Skinner was the first gymnast to vault on Sunday. With Biles’ “Come on, MyK!” yells reverberating through the largely empty arena, Skinner earned a 15.033 — better than either of her scores in qualifying — on her opening Cheng.
She needed a slight hop on the landing of her second vault, an Amanar, but notched a 14.800 for a 14.916 average. She went back to her chair to watch the remaining seven gymnasts, but never sat down. In fact, she hardly moved. She stared intently at each gymnast as each score flashed on the screen. She didn’t even put her warm-up tracksuit back on until the competition was over.
Rebeca Andrade, the eventual champion, bumped her out of first place soon after, but Skinner held on for the silver medal. When the number for Lilia Akhaimova, the final gymnast, was announced, Skinner looked to be in disbelief as she hugged her coach, Lisa Spini — while Biles jumped up and down from her seat. Skinner needed Spini to help put on her warm-up pants.
As Skinner walked to the podium to collect the Olympic medal she never expected to have, Biles continued to cheer. Skinner blew kisses her way.
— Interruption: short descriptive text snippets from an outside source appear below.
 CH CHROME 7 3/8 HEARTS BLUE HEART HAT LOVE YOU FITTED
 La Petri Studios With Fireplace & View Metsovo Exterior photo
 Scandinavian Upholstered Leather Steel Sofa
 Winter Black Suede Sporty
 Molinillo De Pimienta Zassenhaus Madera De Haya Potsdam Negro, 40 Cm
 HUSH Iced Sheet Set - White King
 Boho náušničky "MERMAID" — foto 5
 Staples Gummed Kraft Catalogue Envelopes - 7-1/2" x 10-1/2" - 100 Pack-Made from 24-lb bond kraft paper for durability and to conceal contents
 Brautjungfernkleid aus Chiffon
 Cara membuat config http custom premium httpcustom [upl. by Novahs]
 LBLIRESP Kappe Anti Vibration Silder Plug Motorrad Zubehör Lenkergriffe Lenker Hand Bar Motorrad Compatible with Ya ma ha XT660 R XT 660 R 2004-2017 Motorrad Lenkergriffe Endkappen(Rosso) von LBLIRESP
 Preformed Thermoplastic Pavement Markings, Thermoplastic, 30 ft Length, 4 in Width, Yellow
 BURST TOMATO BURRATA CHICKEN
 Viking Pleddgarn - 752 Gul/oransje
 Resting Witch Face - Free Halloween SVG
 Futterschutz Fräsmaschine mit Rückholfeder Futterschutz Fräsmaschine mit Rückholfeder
Biles later wrote to Skinner on Instagram, “I’m so freaking proud of you.”
Before and after the competition, Skinner had said she wanted to win one for her sidelined teammate — and she did just that.
“With Simone, we’re the OGs [“Olympic Grandmas”] of the team, and to just have her support, and her having to step out of finals, and her just pushing me along every single day to help me to place on that podium has been so cool,” Skinner said. “This has seriously been so humbling and I’m so grateful to be here.”
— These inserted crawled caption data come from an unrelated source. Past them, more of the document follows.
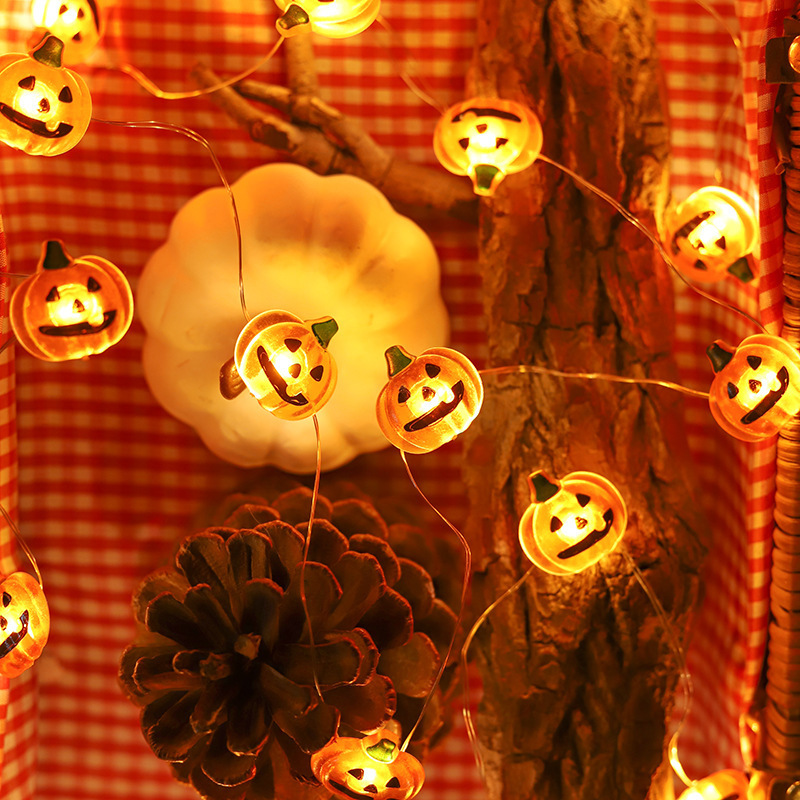 Cross-Border New Led Halloween Series Light Strings, Pumpkin-Shaped Lights, Copper Wire Lights, Halloween Decorative Lights, Colorful Lights, Glowing Lights Cross-Border New Led Halloween Series Light Strings, Pumpkin-Shaped Lights, Copper Wire Lights, Halloween Decorative Lights, Colorful Lights, Glowing Lights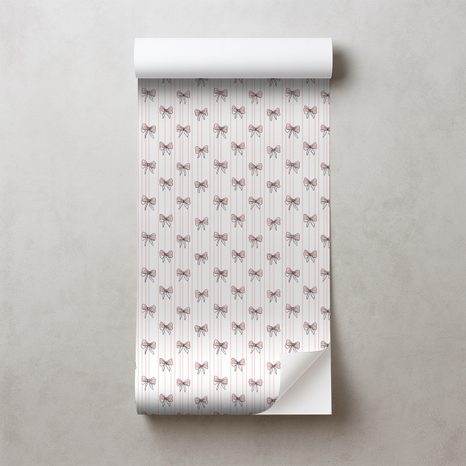 SAMOLEPÍCÍ TAPETA RŮŽOVÉ MAŠLE NA BÍLÉM POZADÍ - VZOROVANÉ TAPETY - TAPETY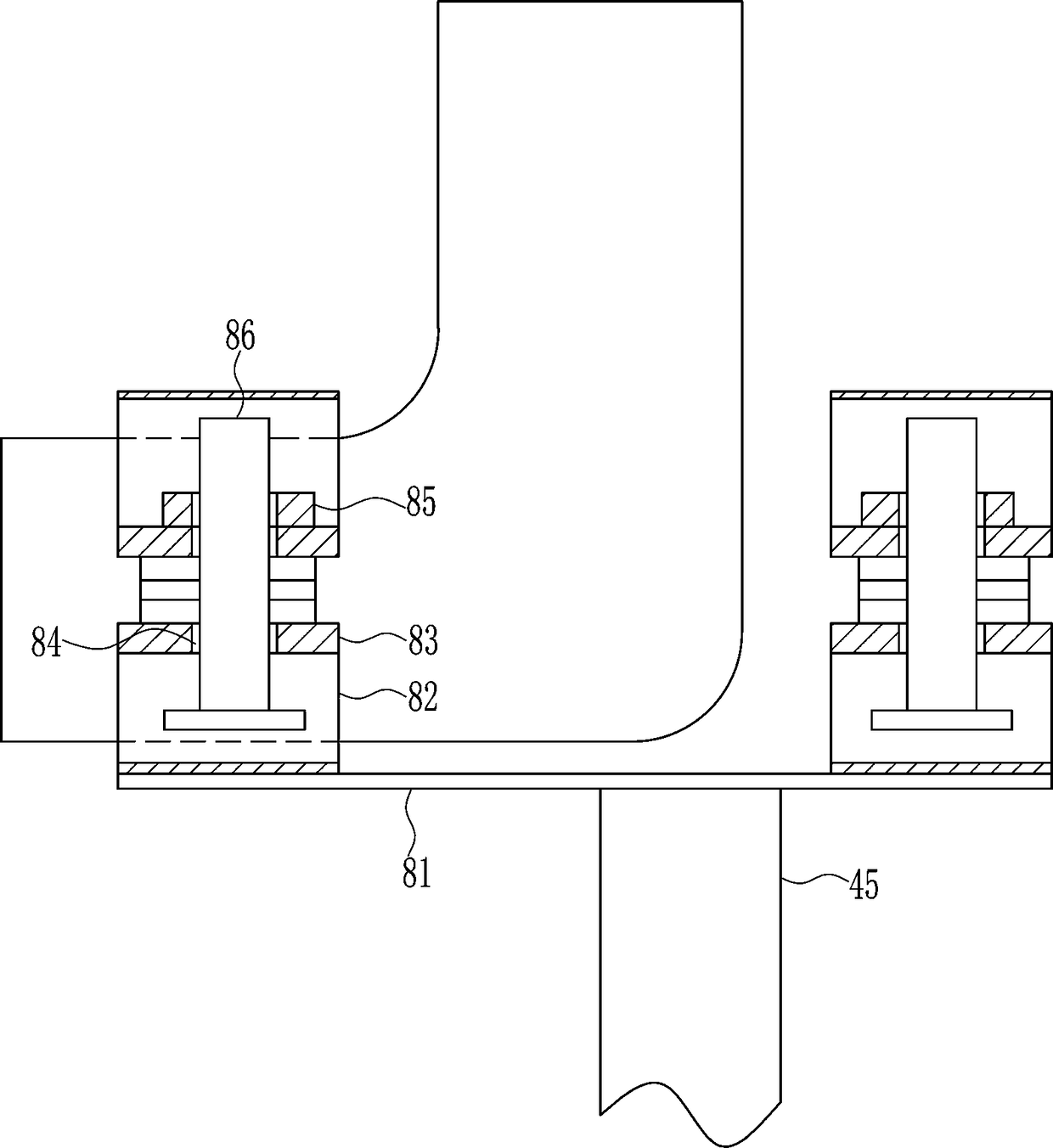 An industrial hot melt pipe stabilization hot melt auxiliary equipment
With an Olympic medal to her name, Skinner said her gymnastics career is officially over. And this time, she’s achieved everything she ever wanted.
“This seriously means so much,” Skinner said with the medal around her neck. “After having COVID, I seriously didn’t know I would be able to go back into the gym, so just being able to overcome that and to keep pushing for my goals and dreams to make it to the Olympics has been such an honor. And now to even be go in for [the] vault [final] and to win a silver medal, that’s icing on the cake for me. Seriously, so unreal.”